The Goal of the Attack:
Protocol attacks, also known as state-exhaustion attacks, trigger a disruption of service by absorbing all the available state table power of web application servers or intermediate resources such as firewalls and load balancers. Protocol attacks exploit vulnerabilities in protocol stack layer 3 and layer 4 to make the target inaccessible.
A SYN Flood is analogous to a worker in a supply room receiving requests from the front of the store. The worker receives a request, goes and gets the package, and waits for confirmation before bringing the package out front. The worker then gets many more package requests without confirmation until they can’t carry any more packages, become overwhelmed, and requests start going unanswered.
This attack exploits the TCP handshake by sending spoofed source IP addresses to a target a large number of TCP “Initial Contact Demand” SYN packets. The target computer answers every communication question and then waits for the final step in the handshake, which never happens, wasting the resources of the target in the process.
The Goal of the Attack:
This form of attacks attempts to create congestion by absorbing all the bandwidth available. It is between the target and the wider Internet. Large amounts of data are sent to a target by using a method of amplification or other means of mass traffic formation, such as botnet requests.

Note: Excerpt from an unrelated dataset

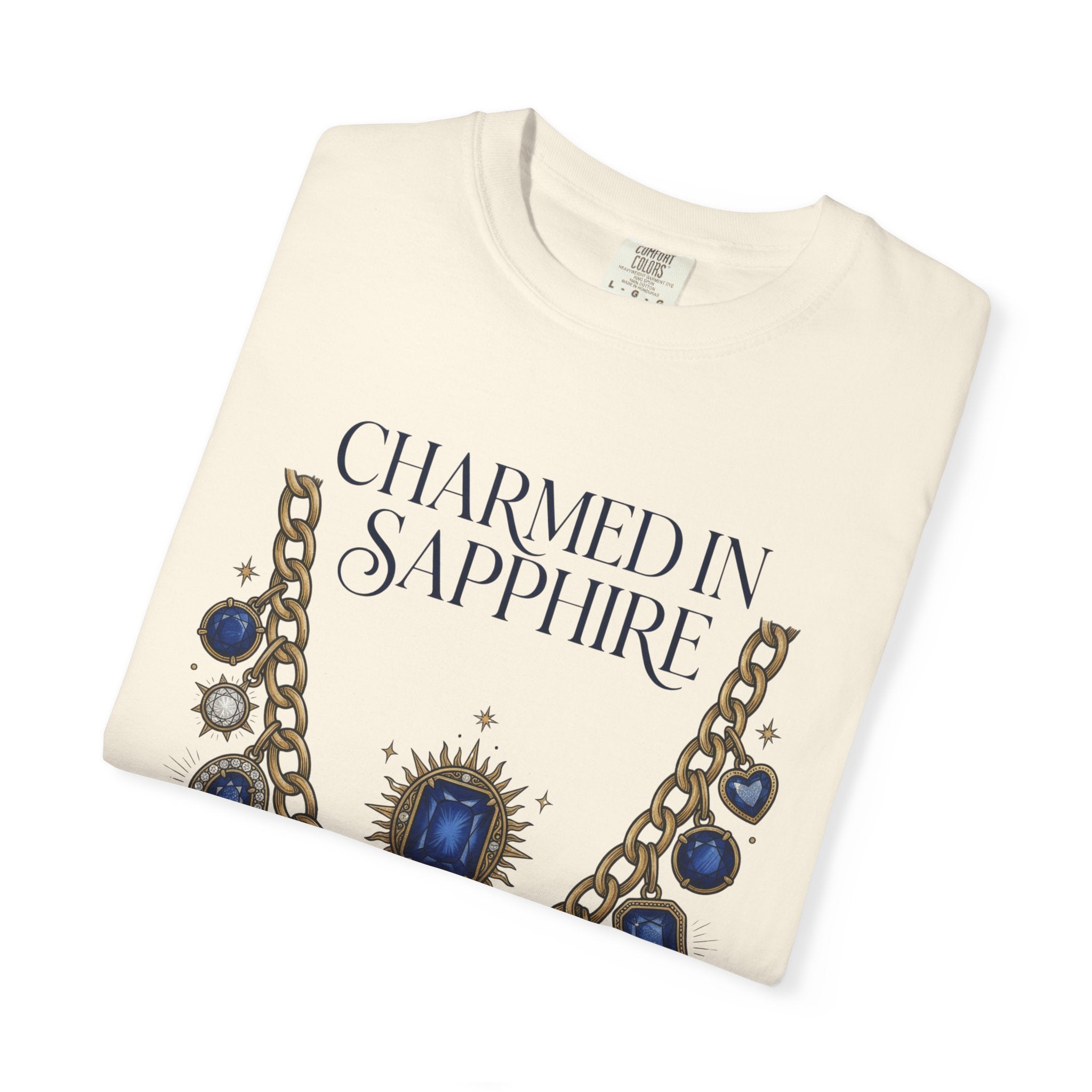 Charmed in Sapphire Tee - Comfort Colors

A DNS amplification is like calling a restaurant . It saying “I’m going to have one of all, please call me back and tell me all my order”. Where the number they offer is the number of the target. Long response is provided with very little effort.
The target IP address then receives a response from the server. By making a request to an open DNS server with a spoofed IP address (the target’s actual IP address). The attacker structures the request with a large amount of data, so that the DNS server responds to the target. Consequently, the target receives an amplification of the initial demand from the attacker.